:: TASK INPUT ::

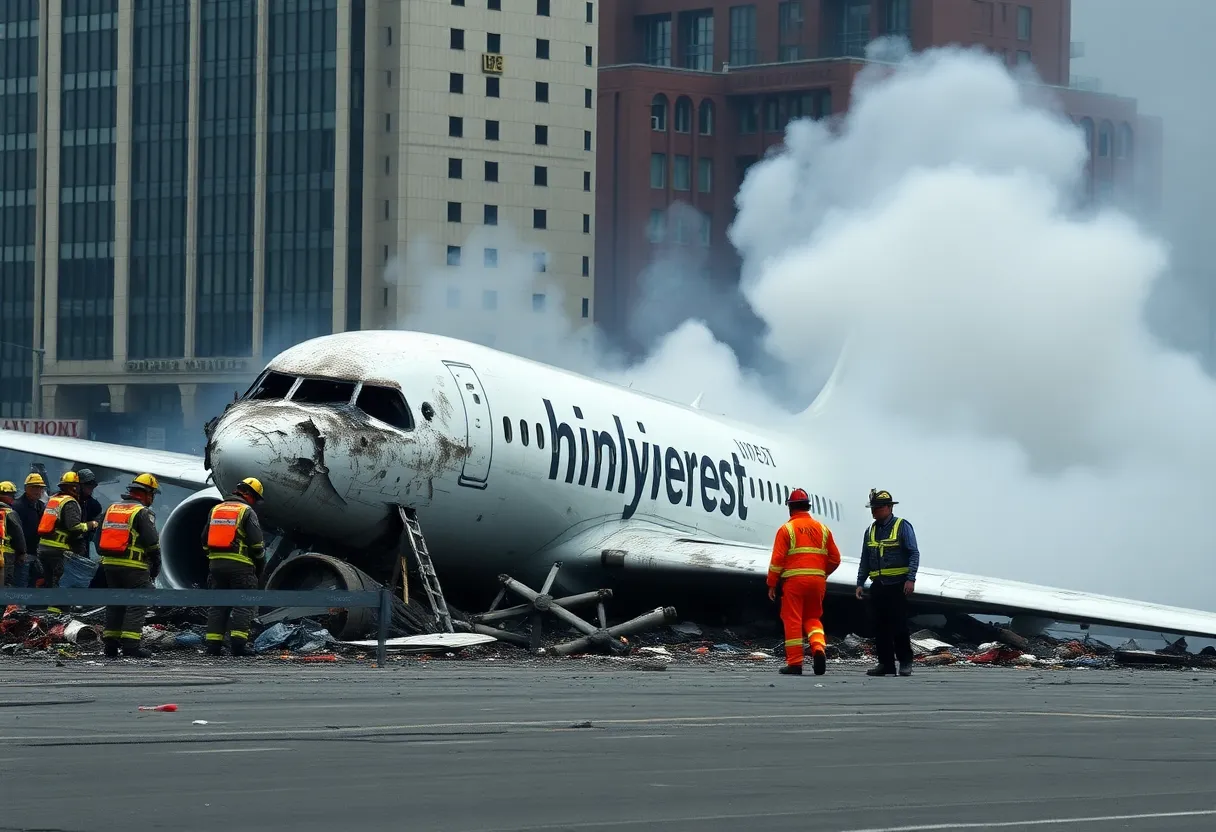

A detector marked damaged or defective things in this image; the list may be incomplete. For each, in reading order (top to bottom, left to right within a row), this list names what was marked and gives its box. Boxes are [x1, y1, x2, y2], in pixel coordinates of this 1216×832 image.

crashed airplane [2, 328, 1216, 642]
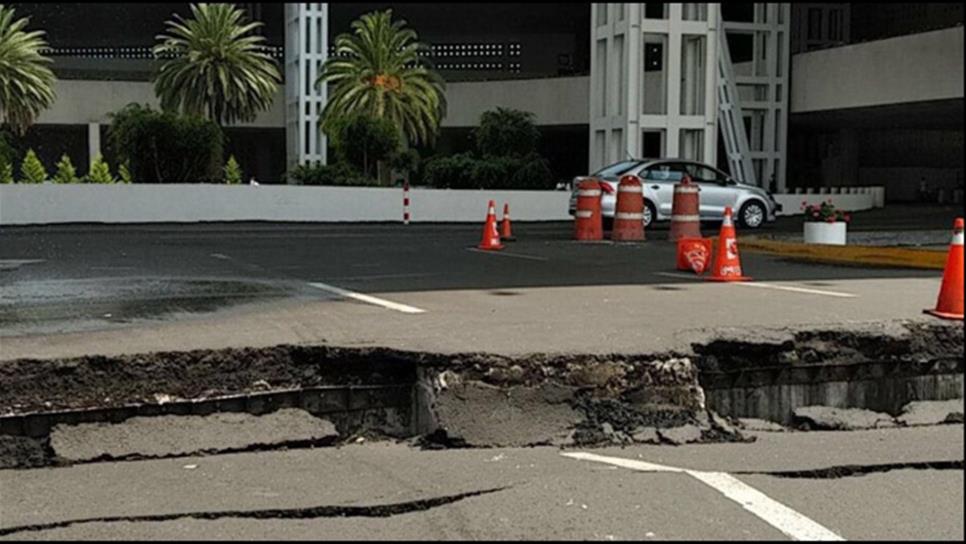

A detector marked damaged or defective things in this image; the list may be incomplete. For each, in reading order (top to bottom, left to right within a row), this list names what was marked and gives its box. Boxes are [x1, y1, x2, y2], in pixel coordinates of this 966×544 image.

broken concrete edge [740, 236, 944, 270]
cracked asphalt road [3, 428, 964, 540]
crack in asphalt [736, 460, 964, 480]
crack in asphalt [0, 486, 506, 536]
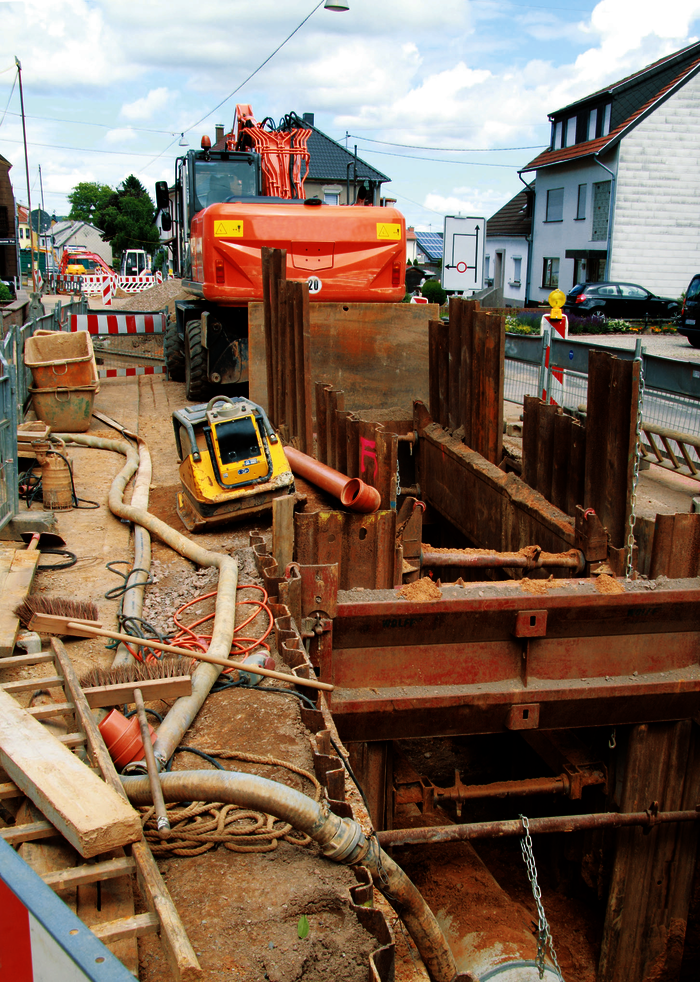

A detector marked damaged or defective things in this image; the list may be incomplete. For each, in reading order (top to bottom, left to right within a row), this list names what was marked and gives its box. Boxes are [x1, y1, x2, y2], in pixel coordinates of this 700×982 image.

rusty steel beam [418, 548, 584, 572]
rusty steel beam [378, 812, 700, 848]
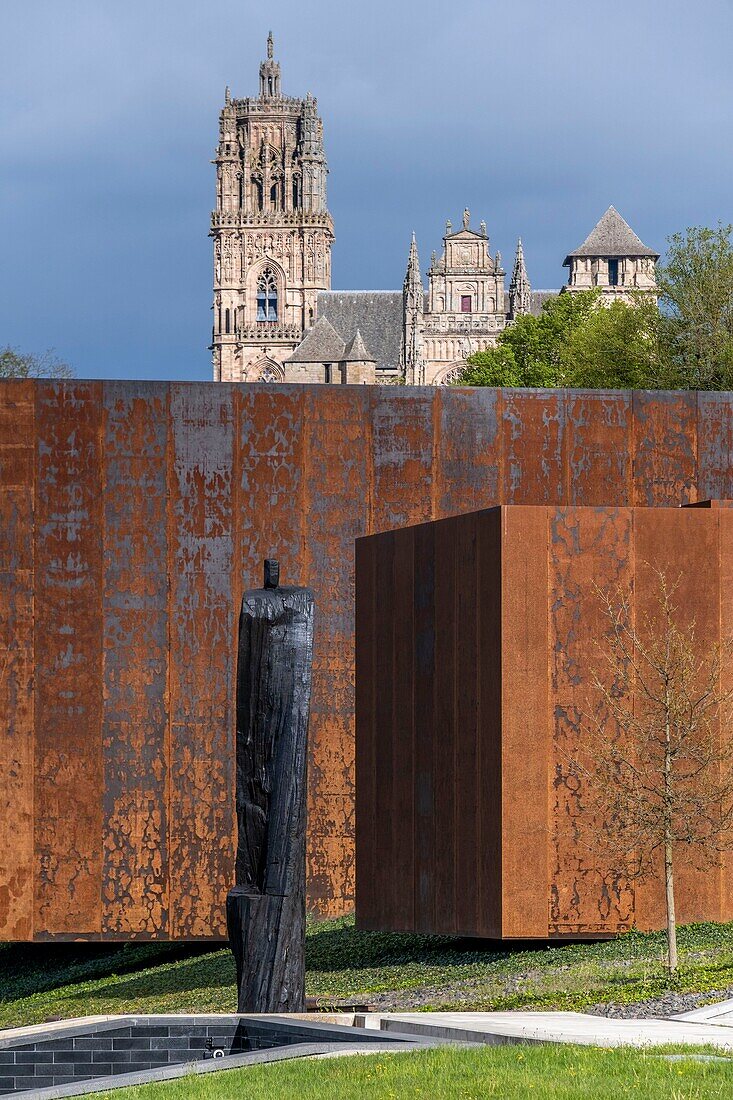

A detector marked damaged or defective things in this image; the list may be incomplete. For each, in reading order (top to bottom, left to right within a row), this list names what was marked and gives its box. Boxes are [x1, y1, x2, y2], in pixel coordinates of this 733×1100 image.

charred wooden sculpture [224, 558, 312, 1012]
rusted corten steel wall [4, 382, 730, 941]
rust-stained metal surface [4, 382, 730, 941]
rusted corten steel wall [354, 503, 730, 937]
rust-stained metal surface [356, 503, 730, 941]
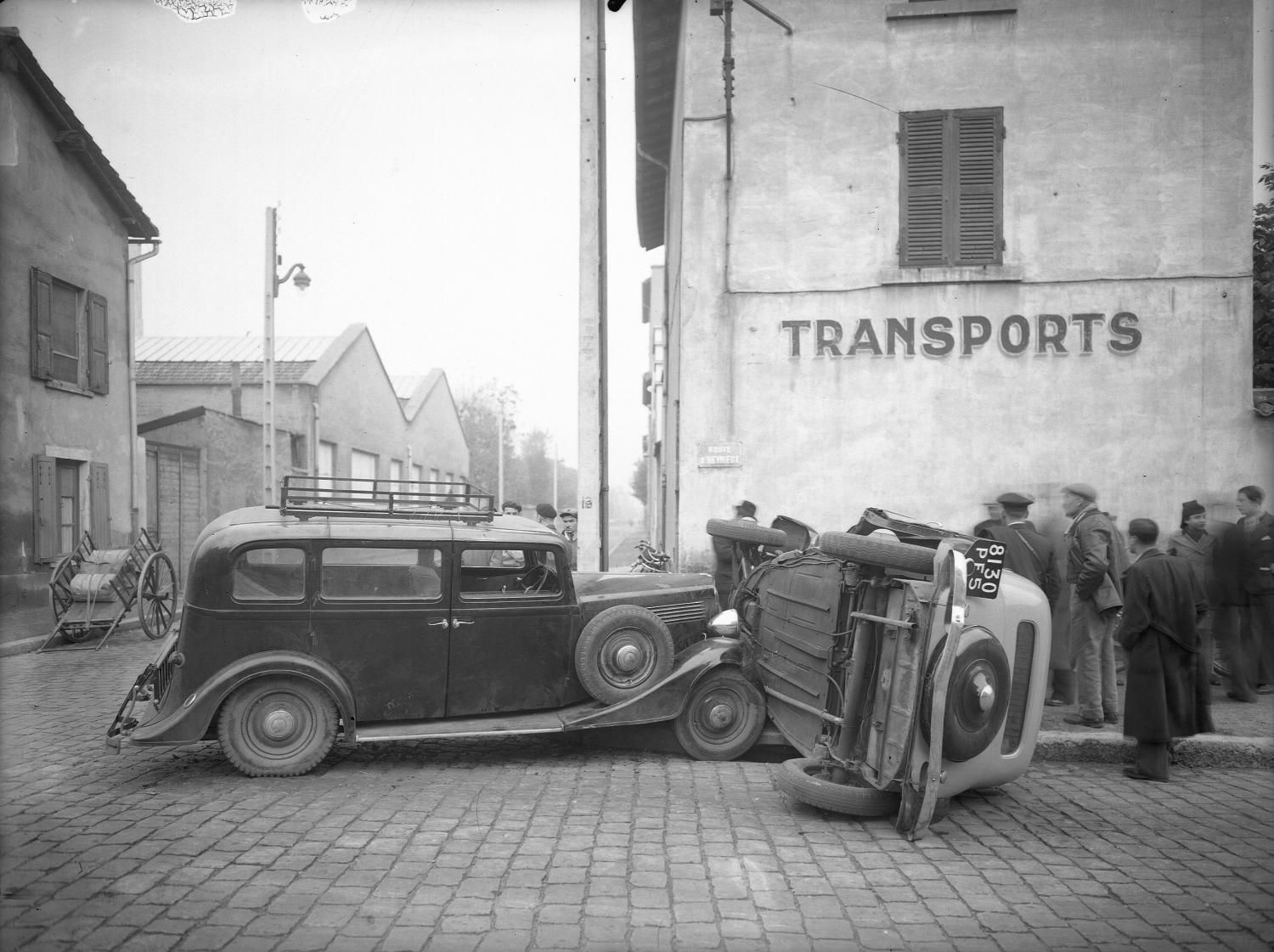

:: WORK TASK ::
From the line containing "this 700×982 image." to the last line of the entries, output every line exactly as written, but leave out the pictures.

:: EXERCISE RESULT ::
A detector marked damaged or defective things in this image; the list may be incomplete. For each, in reading order (top to bottom, left to right within a row), this list names what was marked and gives its box. Boxes are [x1, y1, x2, y2], in pixel coordinates of this 700×982 image.

rusty steel beam [418, 548, 584, 572]
rusty steel beam [378, 812, 700, 848]

A detector marked damaged or defective things in this image; the list may be incomplete. For each, in reading order (top to bottom, left to right within a row), this list names what was marked and gives its box. Boxes are [x1, y1, x2, y2], in pixel coordinates of this 733×1100 image.

charred wooden sculpture [224, 558, 312, 1012]
rusted corten steel wall [4, 382, 730, 941]
rust-stained metal surface [4, 382, 730, 941]
rusted corten steel wall [354, 503, 730, 937]
rust-stained metal surface [356, 503, 730, 941]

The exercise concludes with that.